Lorsque les glaciers fondent, ils se déversent dans les lacs et les rivières. Les modifications apportées à ce moment et à l’ampleur de cette fonte entraînent une augmentation du nombre et de la taille des lacs de glaciers, qui peuvent être inondés subitement.

La fonte pourrait entraîner des inondations et la destruction des cultures

Cela peut entraîner une augmentation du ruissellement des glaciers dans les principales rivières, ce qui pourrait entraîner des inondations et la destruction des cultures. À la suite de la fonte des glaces HKH, une plus grande quantité d’eau devrait affluer par l’Indus, le Gange et le Brahmapoutre, entraînant une modification de l’agriculture dans les vallées qui les entourent.
Les gaz à effet de serre sont exacerbés par les polluants atmosphériques provenant des plaines indo-gangétiques, l’une des régions les plus polluées au monde.
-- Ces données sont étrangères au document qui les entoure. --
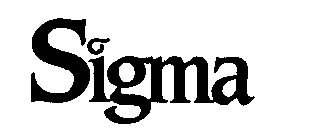 SIGMA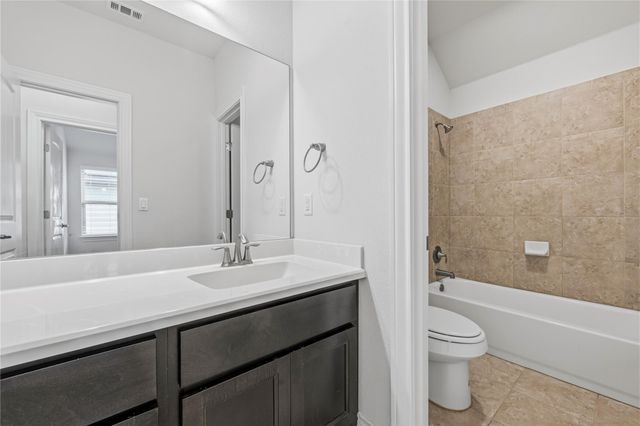 9600 Ivalenes Hope DR, Austin, TX 78717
Ces polluants déposent du carbone noir et de la poussière noire sur les glaciers, accélérant ainsi la fonte et la modification de la circulation de la mousson et la répartition des précipitations sur l’Asie.
Alors que le tremblement de terre au Népal en 2015 a mis à nu des régions, les villes et les villages de montagne sont vulnérables aux catastrophes – des glissements de terrain et de l’érosion aux coulées de débris et aux inondations. À mesure que le nombre et l’intensité de ces catastrophes augmentent, plus d’un milliard de personnes sont en danger.
Ces changements ont particulièrement affecté les gens pauvres de la région. Environ un tiers des 250 millions d’habitants de la montagne HKH vit avec moins de 1,90 dollar par jour; plus de 30% de la population de la région ne se nourrit pas suffisamment, et environ 50% souffrent de malnutrition, les femmes et les enfants étant les plus touchés.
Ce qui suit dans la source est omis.